- 5 years ago
- Wedding: December 2014
“Bitches be crazy.”
So, I need to complain about this somewhere.
Everyone knows that if you put a bunch of women together, you’re bound to have *some* problems, but this is getting ridiculous. There’s this girl I do shows with who thinks she is just princess of the theatre and is DEFINITELY the most talented girl ever. First of all, just because you’ve been doing shows here since you were 4, it doesn’t mean you’re the princess. Nobody is the princess, but, if there was one, it would be one of the *talented* ladies.
She is the cattiest person I have ever met and is 100% fake to your face. She spent rehearsal yesterday making fun of her BEST FRIEND for having cellulite. (not to her face, of course) I can honestly say, after listening to her backstage for 3 years, she is definitely the most terrible person I have ever met.
So, yesterday I walk out from back stage and went to sit next to my friends and she happened to be sitting a seat over talking to the people behind her. I walk up and I see that her feet are in the seat and I’m like, “Can I sit here?” (What I really meant was, “Move your feet.”) She says, “Can’t you sit over there?” I respond, “No, there’s a huge bag and a whole bunch of stuff in that seat.” She says, “Then you can sit down there.” (referring to any of the rows in front of her) If she hadn’t been acting like such an insufferable brat, I may have considered it.
So, I say, “Please move your feet.” She says, “NO, I have been standing ALL day.” I respond, “You can move your feet to the seat on your other side.”
“Fine, I’ll sit in front of your feet so we can both use the seat.” I sit down and she proceeded to try to literally kick me off the seat like a toddler would.
Then she says, “Move your FAT ASS.” Yes, please. Tell me more how I should move my 5’5″, 124 pound, FAT ass.
“Move your feet.”
“NO.” *kick kick kick”
“Fine, but don’t fart on me.” What? I wanted so badly at that moment to fart on her just to spite her, but I just couldn’t do it. Next she’ll be calling me a poopy face.
So, then her boyfriend walks up to me backstage because I am just FUMING and asks what’s wrong. I say, “OH YOU WANT TO KNOW WHAT’S WRONG? Your GIRLFRIEND just told me to move my FAT ass.”
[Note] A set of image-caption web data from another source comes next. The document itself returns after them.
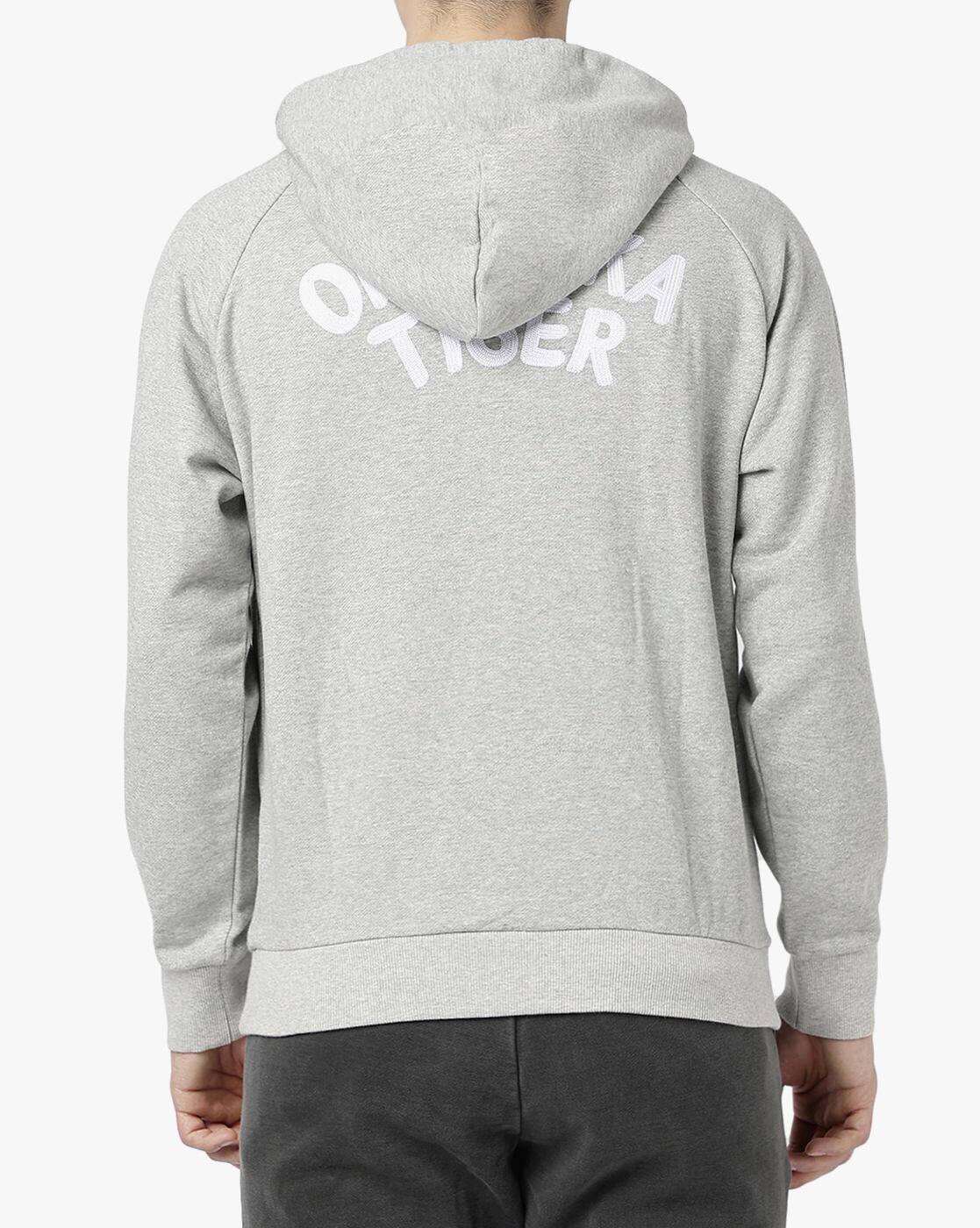 Buy Onitsuka Tiger Regular Fit Sweat Hoodie | Grey Color Men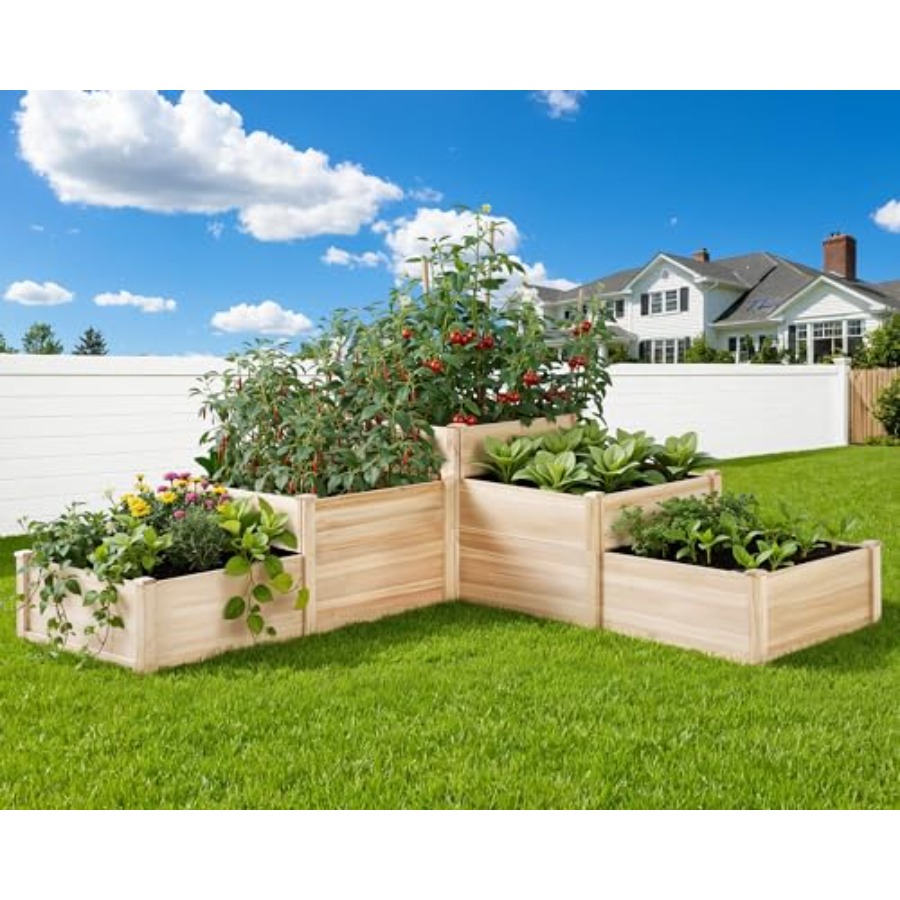 Jardinera Elevada de 3 Niveles - Gardening Tools Box reseña y precio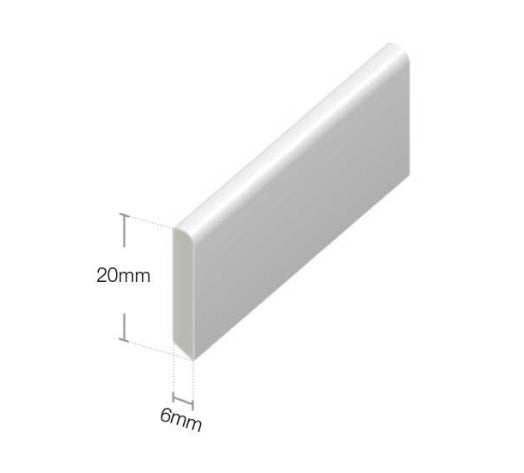 White Cloaking Fillet Window and Door Trim : 20mm - 30mm from Eurocell - Virtual Plastics Ltd.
Later, I walk up to another girl to ask what song is coming up and she comes storming around the curtain. “YOU DO NOT TALK TO MYYYY BOYFRIEND. HE’S MIIIIIIINE. STAY AWAY.”
“Uh. Okay congrats? What song are we on?” (all of the what song questions were directed at someone else)
“NO! You don’t understand. He is MINE. Get away! You’re not allowed to talk to him.” I’m so ashamed, but I totally stuck my hand out in her face a la “talk to the hand.” She sticks her hand out and starts waving it around. I finally find out what song we’re on and she is STILL telling me to stay away.
I DON’T WANT YOUR BOYFRIEND. I have my own. Shut up.
Bah. Anyway… rant over.
OH and she’s in her TWENTIES. She’s not some 15 year old.